Suriye İnsan Hakları Ağı'nın (SNHR) Alıkonulanlar Dosyası Sorumlusu Nur Hatib, 26 Haziran İşkence Mağdurlarıyla Uluslararası Dayanışma Günü vesilesiyle AA muhabirine değerlendirmede bulundu.
Beşşar Esed rejimi güçlerinin 9 ay boyunca alıkoyduğu ve cezaevinde işkence gören Hatib, özgürlüğüne kavuştuktan sonra SNHR'de çalışmaya başladığını söyledi.

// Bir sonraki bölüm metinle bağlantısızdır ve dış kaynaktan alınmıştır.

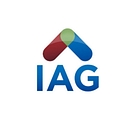 Iag, Llc logo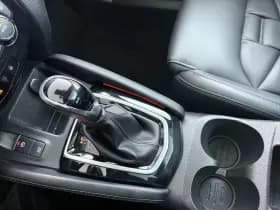 Nissan Qashqai thumbnail 12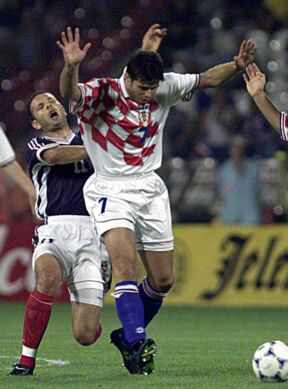 Hrvatska - Jugoslavija 1999. godine (2).jpg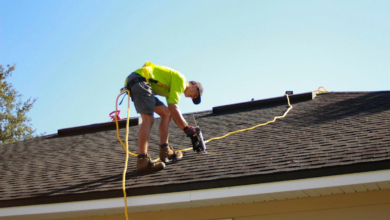 Why Proactive Roof Maintenance Matters in Storm-Prone Texas Neighborhoods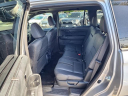 Thumbnail image of 2023 Honda Passport at Honda Universe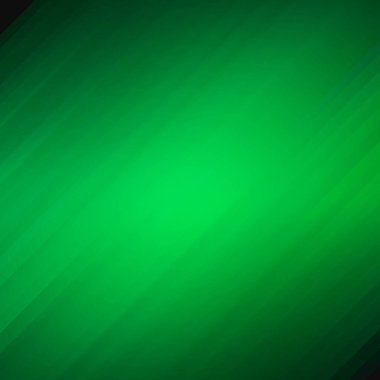 Gradyan ile soyut renkli arkaplan 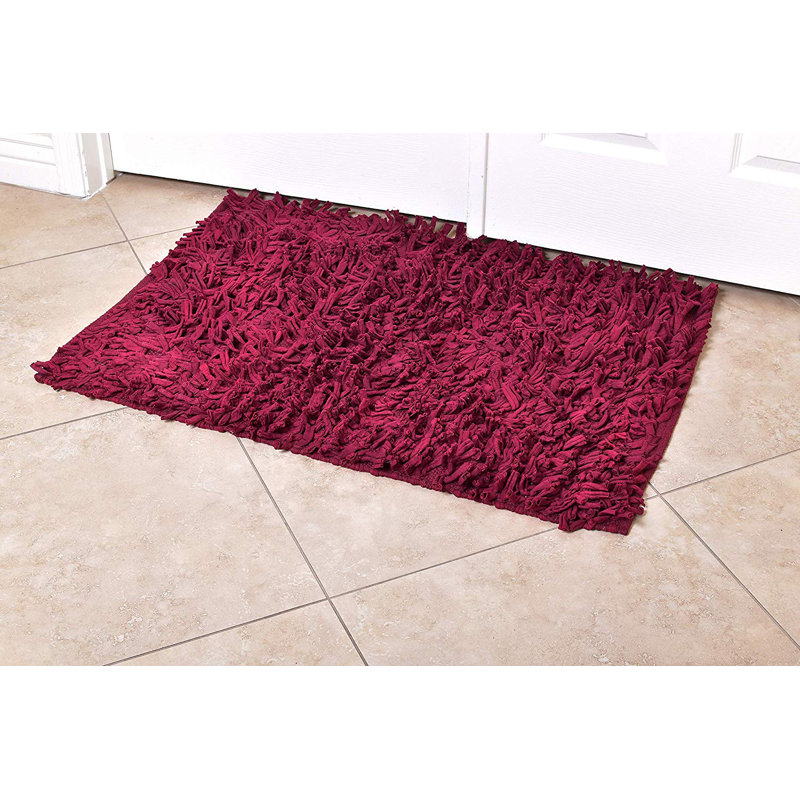 Mascolo Indoor / Outdoor Doormat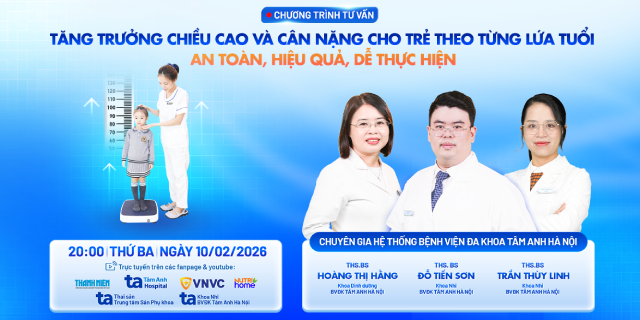 banner-tang-truong-chieu-cao-va-can-nang-cho-tre-thep-tung-lua-tuoi-mb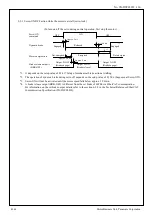 Предварительный просмотр 202 страницы Panasonic MINAS-A5BL Series Manual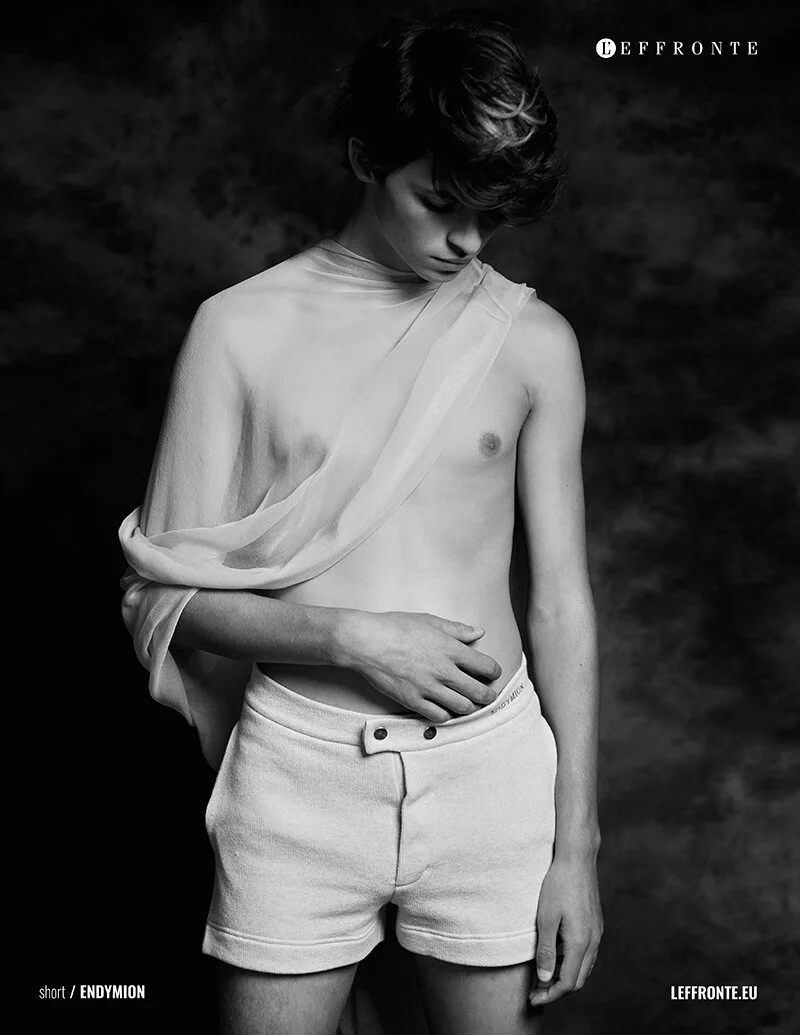 TADZIO by ALAN MARTY (6).jpg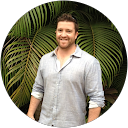 Damon L. profile picture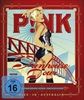 Funhouse-Tour-Live-In-Australia-12613-Blu-ray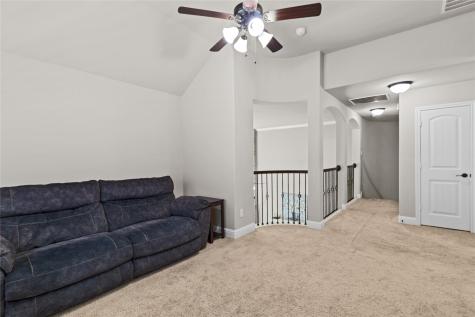 1004 Merion Drive Fort Worth TX 76028
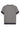MMHolt V-SS Stripe Sweatshirt INDIA INK - 179000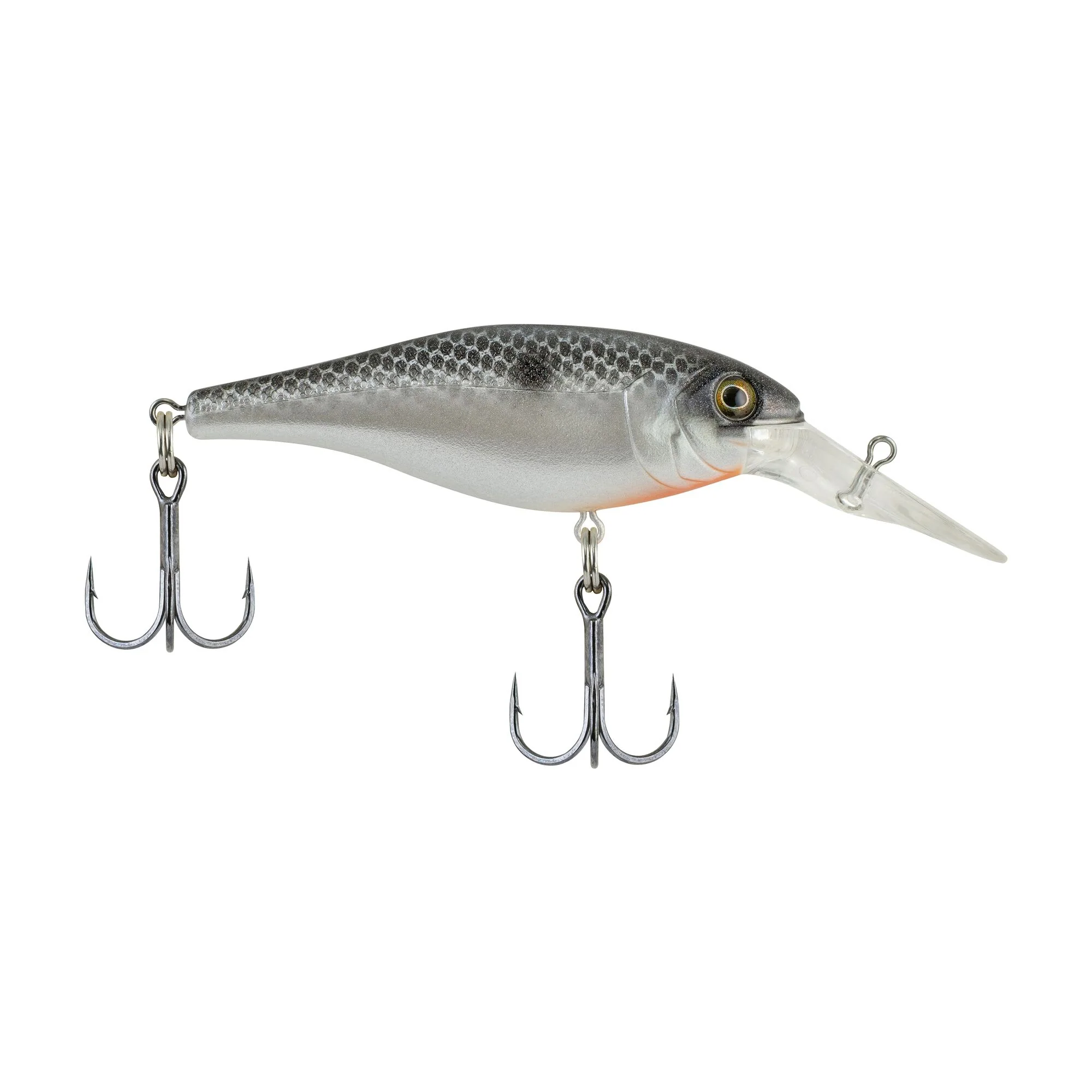 Berkley Bad Shad™
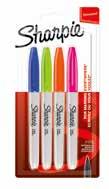 2065403 Zestaw Sharpie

Hatib, "SNHR'nin belli bir merkezi yok. Suriyeli mültecilerin olduğu her yerdeyiz. Türkiye, Ürdün, Lübnan ve İngiltere'de yaşayan çalışanlarımız var." dedi.
Ağın bünyesinde alıkonulanlar dosyası altında, mağdurlara bulundukları ülkelerde ulaşmaya çalıştıklarını belirten Hatib, "Ya bizzat ya da internet, telefon üzerinden ulaşıyoruz. Yaşadıklarını belgeliyoruz. Alıkonulan kişi bizim için sadece bir kurban değil. Ayrıca bilgi kaynağıdır." diye konuştu.
Hatib, şöyle devam etti:
"(Alıkonulanların) Sayelerinde işkence yapanların da diğer tutukluların da isimlerini tespit ediyoruz. Ailelerine, mağdurların akıbetlerini bildiriyoruz. Diğer insan hakları örgütleri ile iş birliklerimiz mevcut. Tüm imkanları seferber ederek hak ihlallerini ortaya çıkarmaya çalışıyoruz."

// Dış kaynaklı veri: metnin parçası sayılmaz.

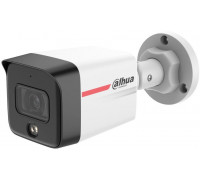 Dahua Technology Dahua (IPC-HFW1439TC1-A-LED-0280B-PRO)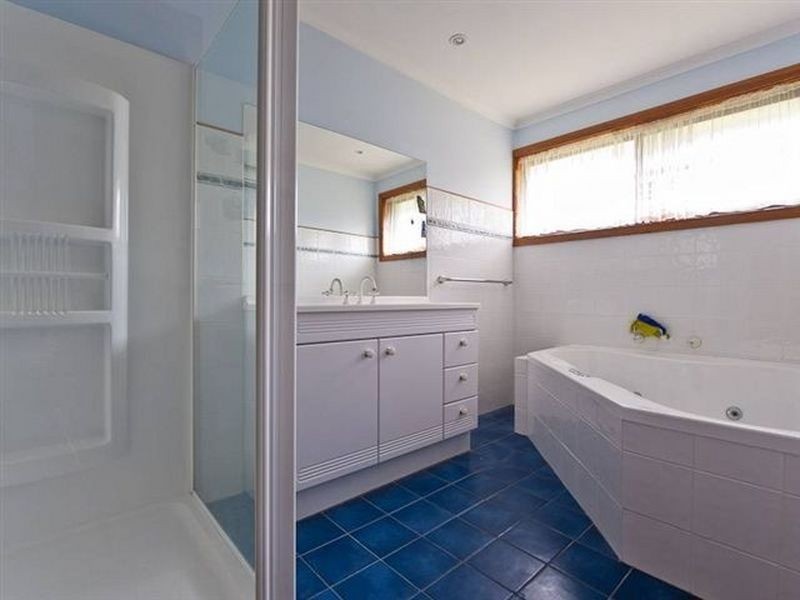 4 Watercart Court, Bellerive TAS 7018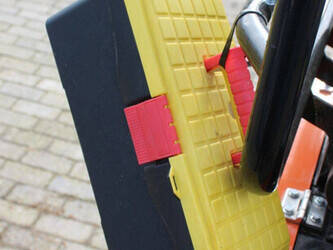 2025-vicsec-vc18fl-1445518-46771332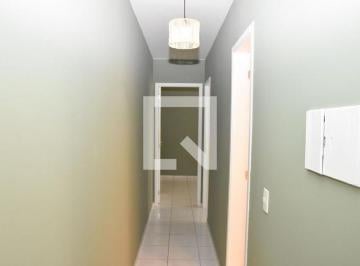 Apartamento de 2 quartos Aluguel R$ 2.700 · Apartamento para Aluguel - Medeiros, 2 Quartos, 60 m2 - Jundiaí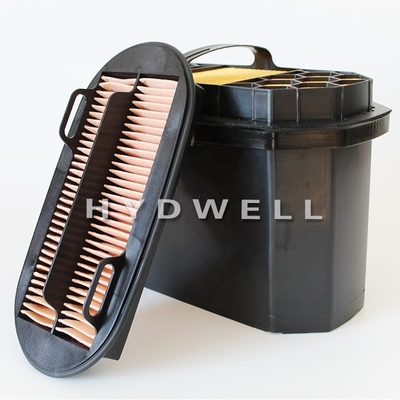 Papel de filtragem de peças de motor 4798989 4798991 479-8989 479-8991 19-1419-REV00 19-1418-REV00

Gerçek rakamlar tespit edilebilenden çok fazla"SNHR olarak 128 bin kişinin halihazırda alıkonulduğunu tespit edebildik. Elbette gerçek rakam bundan fazladır." diyen Hatib, şunları kaydetti:
"Bu kişilerin isimleri, alıkonulma tarihleri ve diğer bilgileri bizde kayıtlı. Bunlar içerisinde 82 bin kişi zorla kaybetme mağdurudur. Yani alıkonulduktan sonra akıbetleri hakkında bilgi yoktur. Toplam 7 bin 721 kadın tutuklu olduğunu tespit edebildik. Bunların bir kısmı güvenlik birimlerinde bir kısmı da cezaevlerinde."
Kadınlar en büyük mağdurSerbest kaldıktan sonra en büyük mağduriyeti kadınların yaşadığını vurgulayan Hatib, "Bazılarının gözünde bir kadının tutuklanması ayıp ve utanç vericidir. Kadınları dışlıyorlar. Bazı erkekler, eşlerinden boşanıyor. Biz bu kadınların kucaklanmaları, psikolojik destek almaları için uğraşıyoruz." şeklinde konuştu.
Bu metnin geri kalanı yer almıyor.